▸ **Work task**:
Go through the records, and copy each line in which the string "Chương" is present.

▸ **Data in this exercise**:

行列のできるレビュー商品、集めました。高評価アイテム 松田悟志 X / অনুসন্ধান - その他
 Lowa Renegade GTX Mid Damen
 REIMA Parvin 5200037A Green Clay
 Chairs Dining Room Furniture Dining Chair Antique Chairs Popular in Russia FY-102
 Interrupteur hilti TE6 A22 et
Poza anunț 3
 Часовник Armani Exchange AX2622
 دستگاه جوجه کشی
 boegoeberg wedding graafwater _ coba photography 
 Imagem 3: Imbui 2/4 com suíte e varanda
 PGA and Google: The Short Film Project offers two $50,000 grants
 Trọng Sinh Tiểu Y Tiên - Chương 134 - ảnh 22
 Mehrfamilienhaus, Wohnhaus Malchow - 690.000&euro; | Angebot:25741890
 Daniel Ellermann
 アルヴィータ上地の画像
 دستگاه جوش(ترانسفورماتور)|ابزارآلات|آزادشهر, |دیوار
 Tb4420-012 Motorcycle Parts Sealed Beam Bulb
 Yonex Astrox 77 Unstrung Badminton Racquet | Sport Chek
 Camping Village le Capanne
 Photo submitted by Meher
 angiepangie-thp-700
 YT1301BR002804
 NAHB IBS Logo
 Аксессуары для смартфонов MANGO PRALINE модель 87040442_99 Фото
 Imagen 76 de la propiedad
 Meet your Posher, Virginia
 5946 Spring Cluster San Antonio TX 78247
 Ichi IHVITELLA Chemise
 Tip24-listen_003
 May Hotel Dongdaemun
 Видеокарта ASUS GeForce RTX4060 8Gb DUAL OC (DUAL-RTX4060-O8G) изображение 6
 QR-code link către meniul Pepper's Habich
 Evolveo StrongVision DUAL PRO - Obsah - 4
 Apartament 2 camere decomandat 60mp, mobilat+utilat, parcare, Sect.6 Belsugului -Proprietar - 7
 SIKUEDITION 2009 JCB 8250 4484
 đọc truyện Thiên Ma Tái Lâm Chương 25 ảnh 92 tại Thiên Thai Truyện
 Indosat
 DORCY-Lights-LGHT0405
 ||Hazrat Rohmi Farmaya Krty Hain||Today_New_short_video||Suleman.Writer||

▸ **Written answer**:
 Trọng Sinh Tiểu Y Tiên - Chương 134 - ảnh 22
 đọc truyện Thiên Ma Tái Lâm Chương 25 ảnh 92 tại Thiên Thai Truyện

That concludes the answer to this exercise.